The Command brought together most of the logistics functions of the Air Member for Supply and Organisation with those of RAF Support Command. These included the Maintenance Group Defence Agency, Support Command Communication and Information Systems, the Radio Introduction Unit, and the Central Servicing Development Establishment. Logistics Command was headquartered across two sites, RAF Brampton and RAF Wyton; on the later base 4 purpose-built open-planned pavilions were built.

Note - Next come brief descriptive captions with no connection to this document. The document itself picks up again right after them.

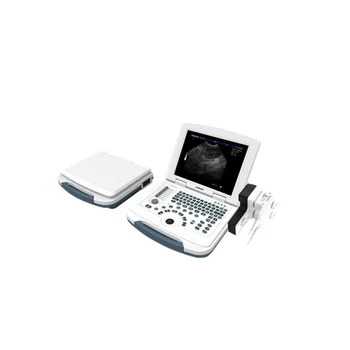 DW-580 mažą kainą nešiojamas ultragarsinis skeneris ir medicinos įranga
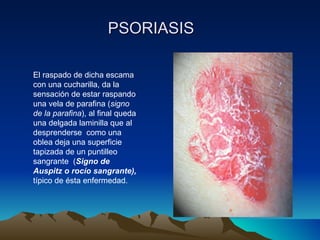 PSORIASIS El raspado de dicha escama con una cucharilla, da la sensación de estar raspando una vela de parafina ( signo de la parafina ), al final queda una delgada laminilla que al desprenderse  como una oblea deja una superficie tapizada de un puntilleo sangrante  ( Signo de Auspitz o rocío sangrante),  típico de ésta enfermedad. 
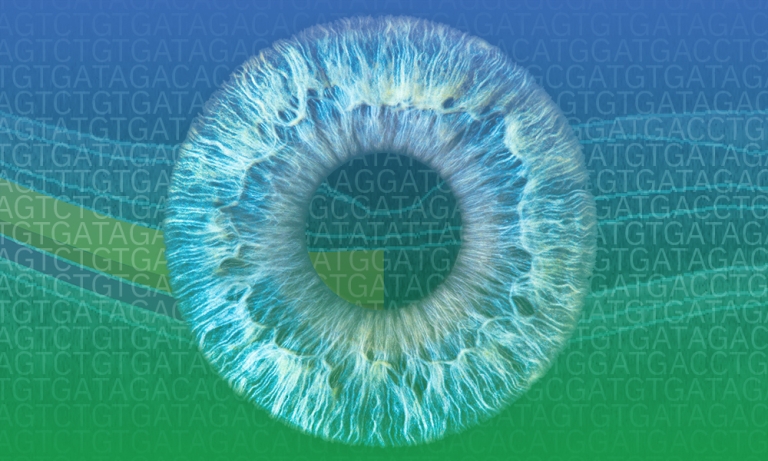 Large-scale study enables new insights into rare eye disorders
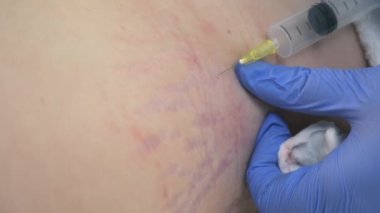 Doktor ozon terapisinde kadın vücuduna ozon gazı enjekte ediyor..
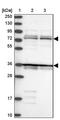 Katanin Regulatory Subunit B1 antibody, PA5-59462, Invitrogen Antibodies, Western Blot image 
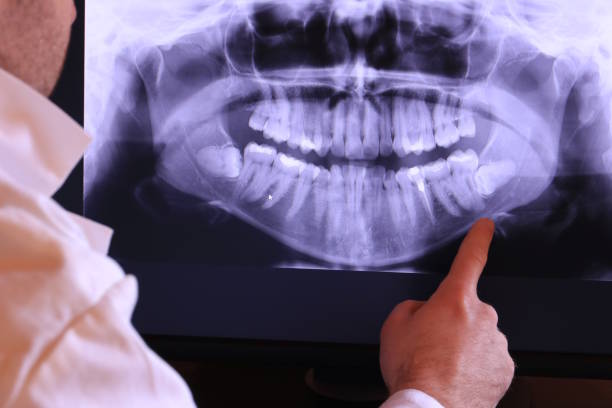 Best Emergency Dental Surgery in Annapolis, MD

Its motto was Sustentamus ut Bellent which means 'We sustain that they may fight'.

The Strategic Defence Review (SDR) in 1997 marked the beginning of a process of radical and far-reaching modernization of the way the Armed Forces conducted defence activities including the creation of unified logistics support. Many of the RAF's innovations in Logistics Command were incorporated into the SDR's 'Smart Procurement Initiative'.

Logistics Command was disbanded on 31 October 1999 and thereafter the majority of its functions were subsumed by the tri-Services Defence Logistics Organisation which stood up formally on 1 April 2000.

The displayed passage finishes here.